» About this task
Your output must consist of the records printed verbatim, with the pictures excluded.

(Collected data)
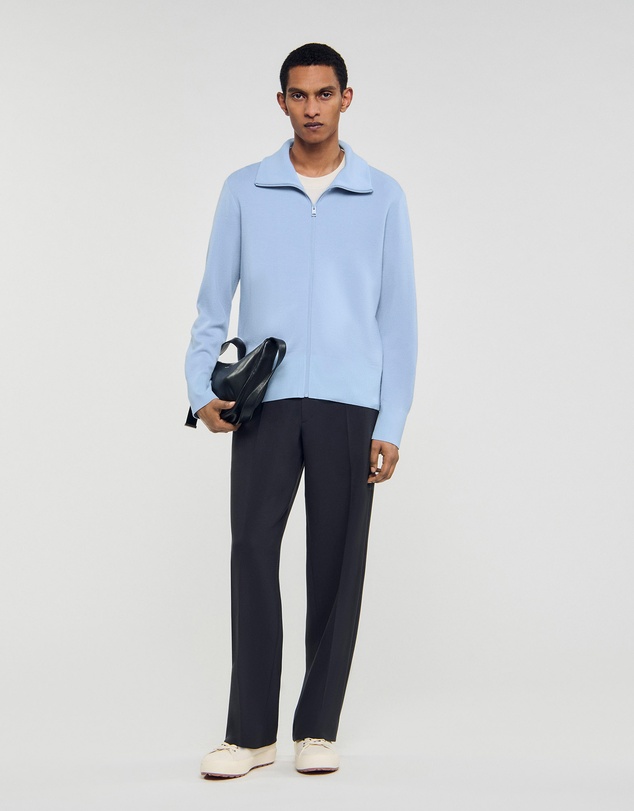 Sandro - Trucker Cardigan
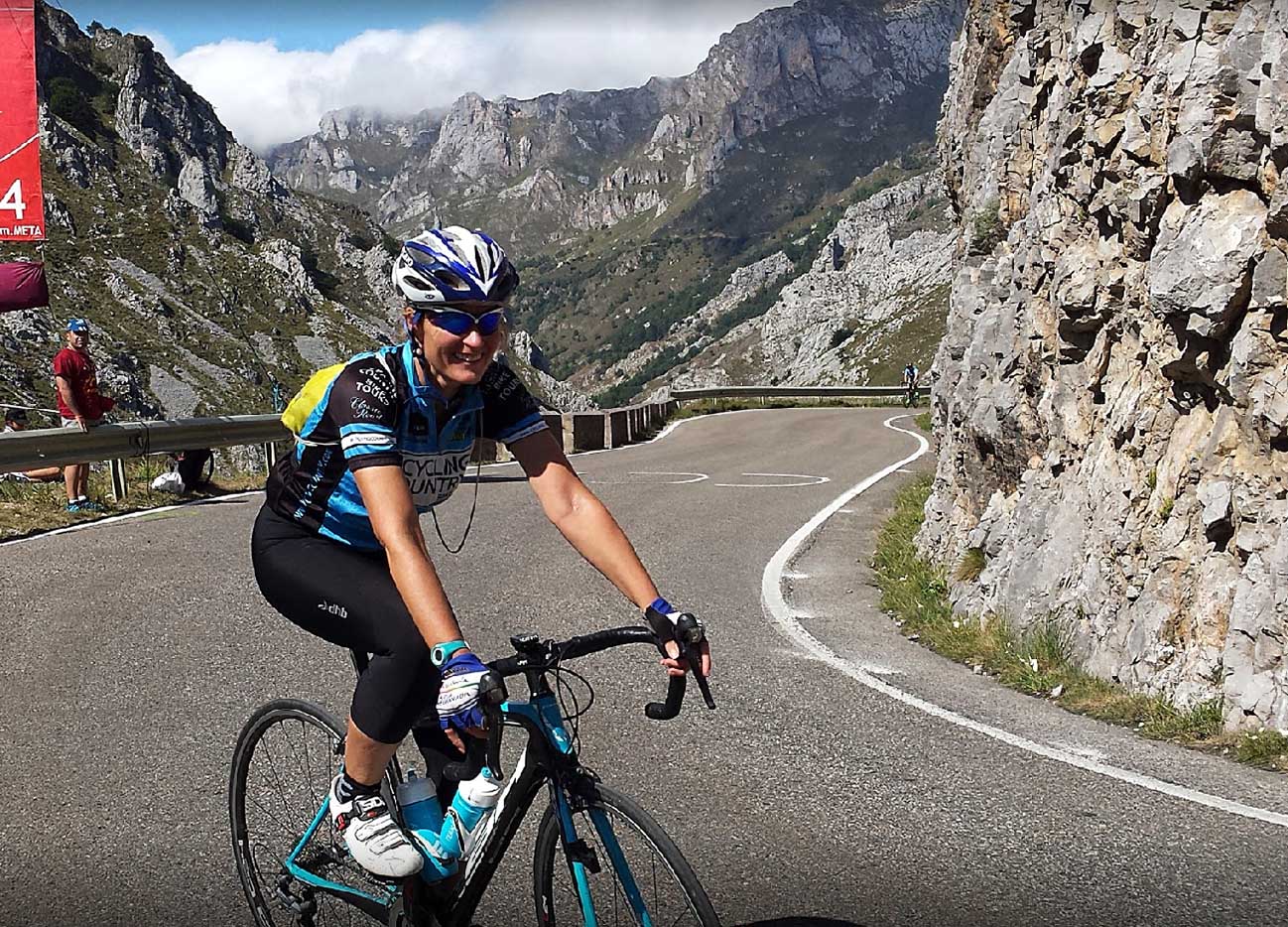 Riding the Best Cycling Climbs at La Vuelta only hours before the peloton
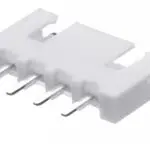 connecteur embase droit - Connecteur d’embase droit Femelle JST 2.54 – 4Pin XH2.54MM - Didactico Tunisie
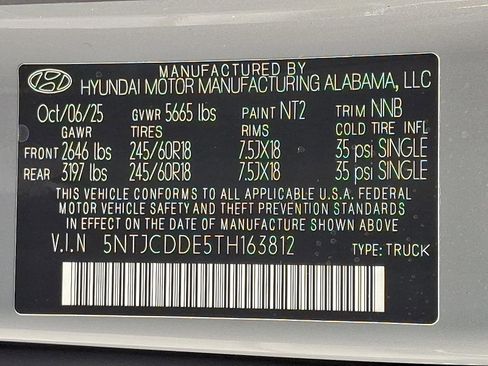 New 2026 Hyundai Santa Cruz SEL image 14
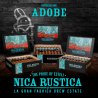 Trabucuri Drew Estate Nica Rustica Adobe Toro (25)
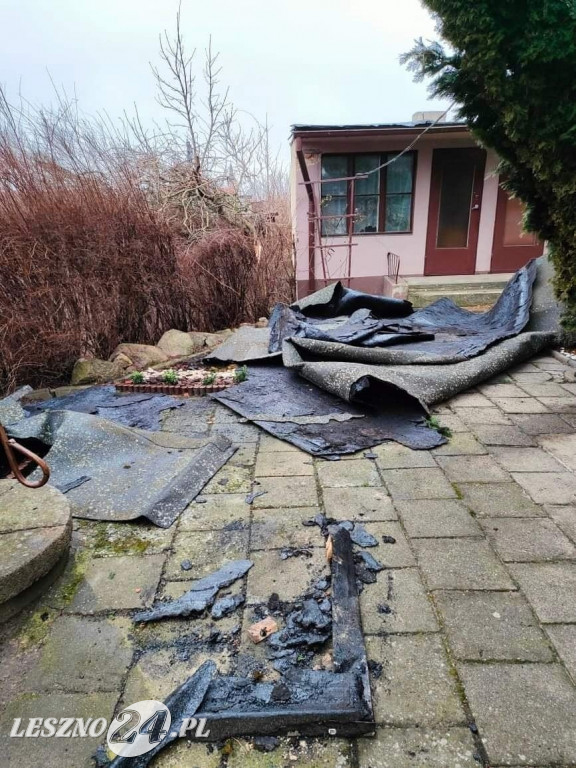Ogromne szkody po wichurze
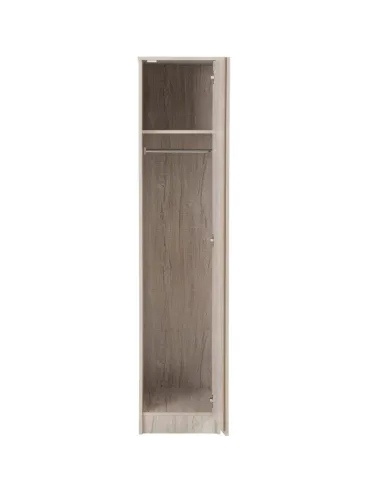 Malvern 1 Door Wardrobe - Urban Snow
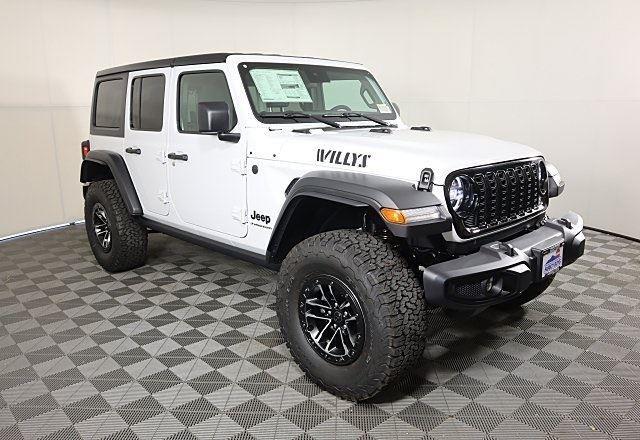 2025 Jeep Wrangler WRANGLER 4-DOOR WILLYS 2025 Jeep Wrangler WRANGLER 4-DOOR WILLYS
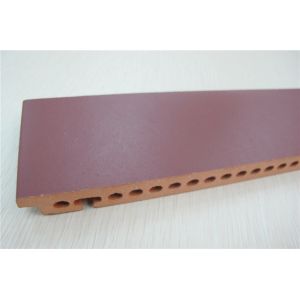 Fire Rated Clay Terracotta Rainscreen Panels Eco - Friendly With Weather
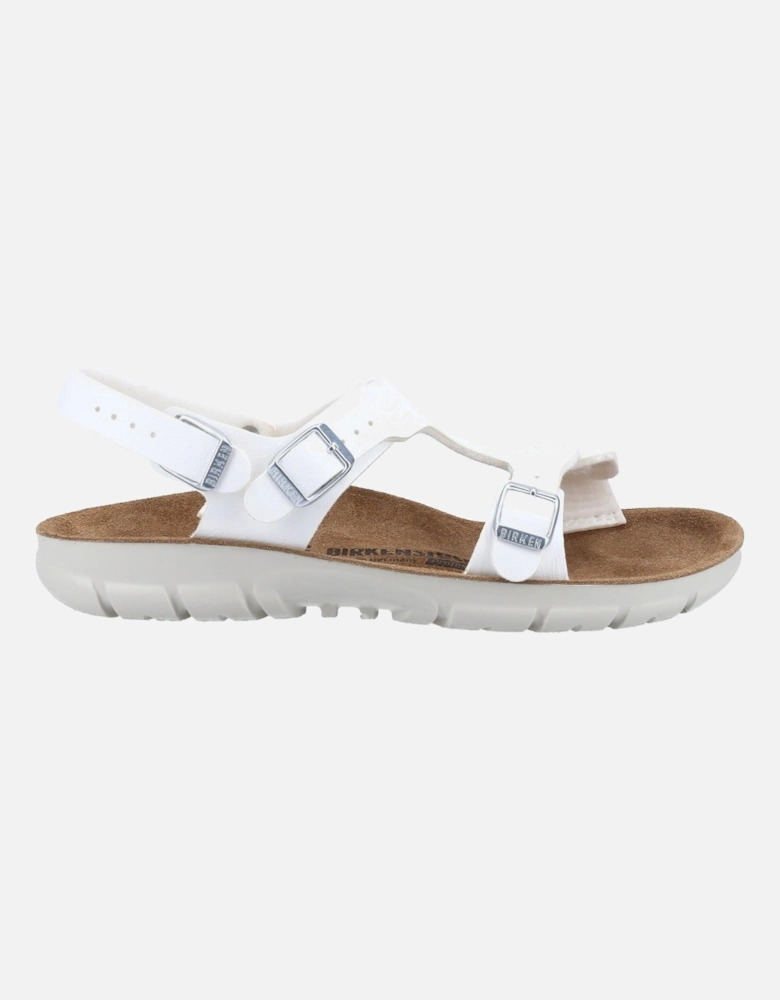 Saragossa Synthetic Women's White Sandals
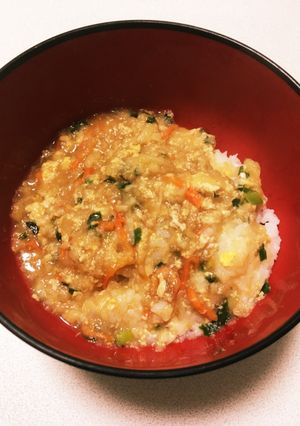 かき揚げ丼-レシピのメイン写真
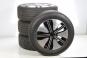 Ruote complete set 18 pollici alluminio CONTINENTAL Classe E  - Immagine 1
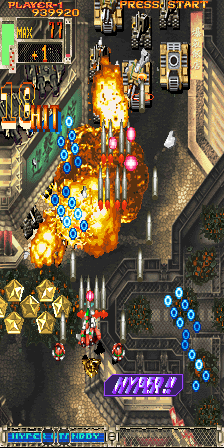 Play DoDonPachi Dai-Ou-Jou (V101, Japan) Now -  :xxx - :yyy Game Screenshot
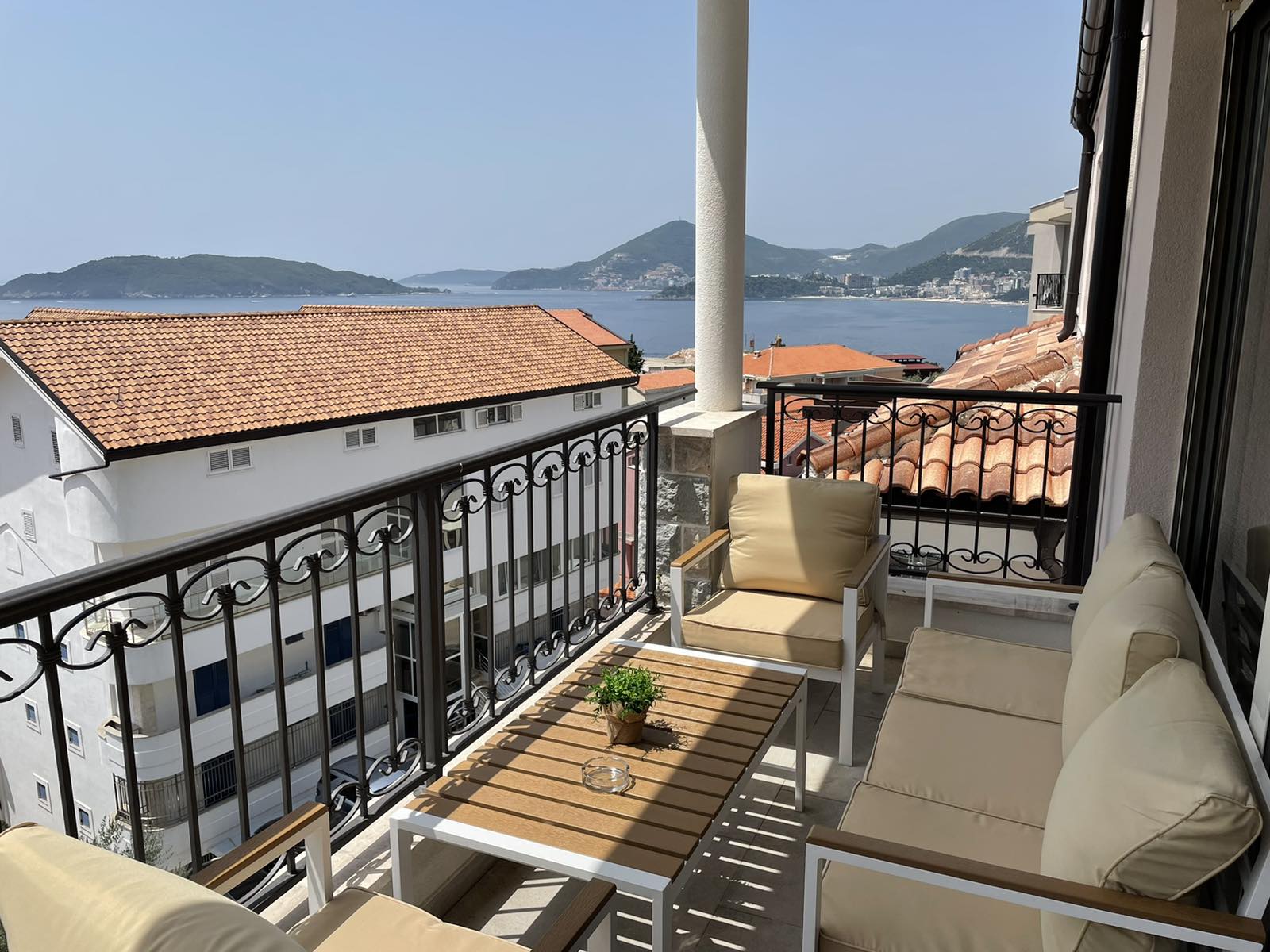 Apartment in Przno with two bedrooms and panoramic sea views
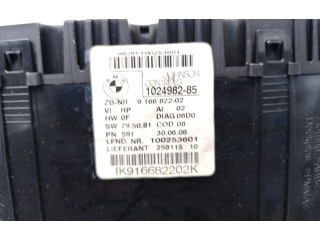 Přístrojová deska  BMW 1 E81 E87 2008 9166822, 100253601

» Solution to this problem
 Sandro - Trucker Cardigan
 Riding the Best Cycling Climbs at La Vuelta only hours before the peloton
 connecteur embase droit - Connecteur d’embase droit Femelle JST 2.54 – 4Pin XH2.54MM - Didactico Tunisie
 New 2026 Hyundai Santa Cruz SEL image 14
 Trabucuri Drew Estate Nica Rustica Adobe Toro (25)
Ogromne szkody po wichurze
 Malvern 1 Door Wardrobe - Urban Snow
 2025 Jeep Wrangler WRANGLER 4-DOOR WILLYS 2025 Jeep Wrangler WRANGLER 4-DOOR WILLYS
 Fire Rated Clay Terracotta Rainscreen Panels Eco - Friendly With Weather
 Saragossa Synthetic Women's White Sandals
 かき揚げ丼-レシピのメイン写真
 Ruote complete set 18 pollici alluminio CONTINENTAL Classe E  - Immagine 1
 Play DoDonPachi Dai-Ou-Jou (V101, Japan) Now -  :xxx - :yyy Game Screenshot
 Apartment in Przno with two bedrooms and panoramic sea views
 Přístrojová deska  BMW 1 E81 E87 2008 9166822, 100253601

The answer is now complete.